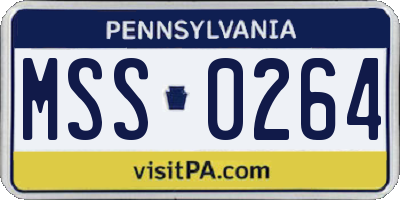 PA license plate MSS0264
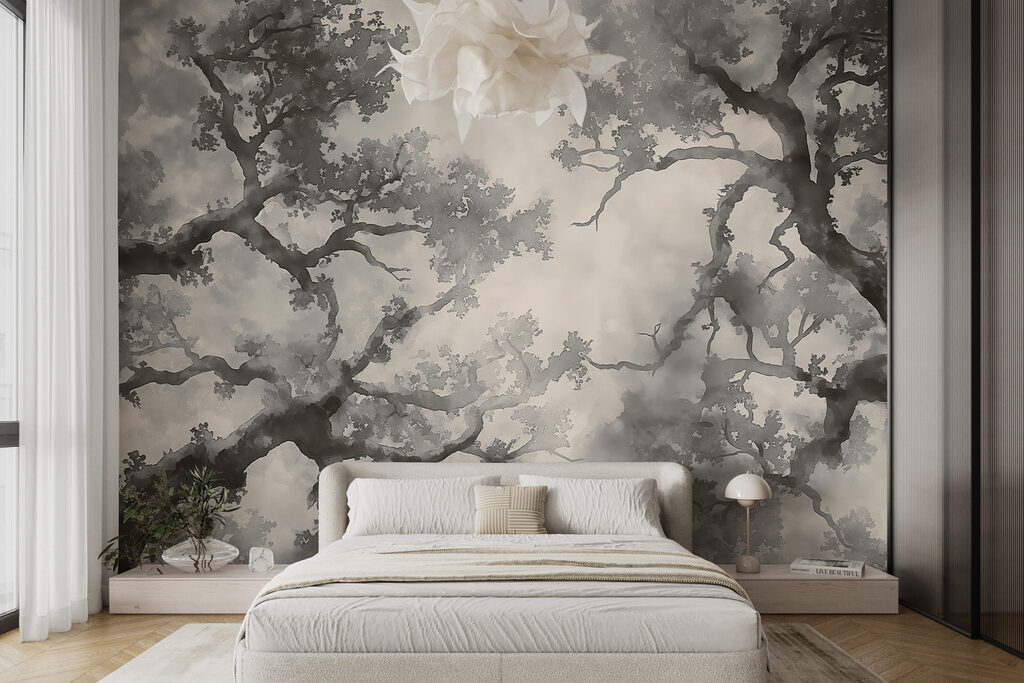 Kronkelbomen in grijze aquarel — interieur 1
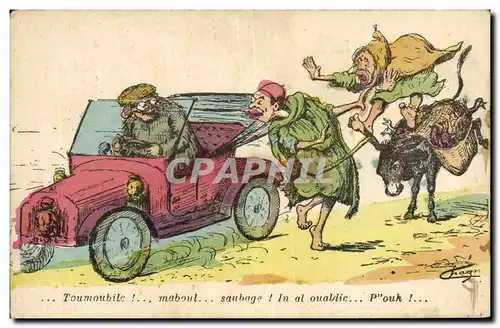 Cartes postales Fantaisie Afrique du Nord Illustrateur Toumoubile Automobile Ane mule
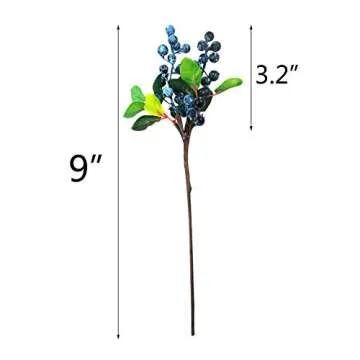 Mistari 10 Pack Artificial Flowers California Faux Blueberries Artificial Stems for Decorating Blueberry Picks Fruit Fake Silk Flowers Home Decorative Party Wedding (Blue)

* [EXERCISE OBJECTIVE]
Please set down each line of the data above exactly as written, without the pictures.

* [RESULT OF THE EXERCISE]
 PA license plate MSS0264
 Kronkelbomen in grijze aquarel — interieur 1
 Cartes postales Fantaisie Afrique du Nord Illustrateur Toumoubile Automobile Ane mule
 Mistari 10 Pack Artificial Flowers California Faux Blueberries Artificial Stems for Decorating Blueberry Picks Fruit Fake Silk Flowers Home Decorative Party Wedding (Blue)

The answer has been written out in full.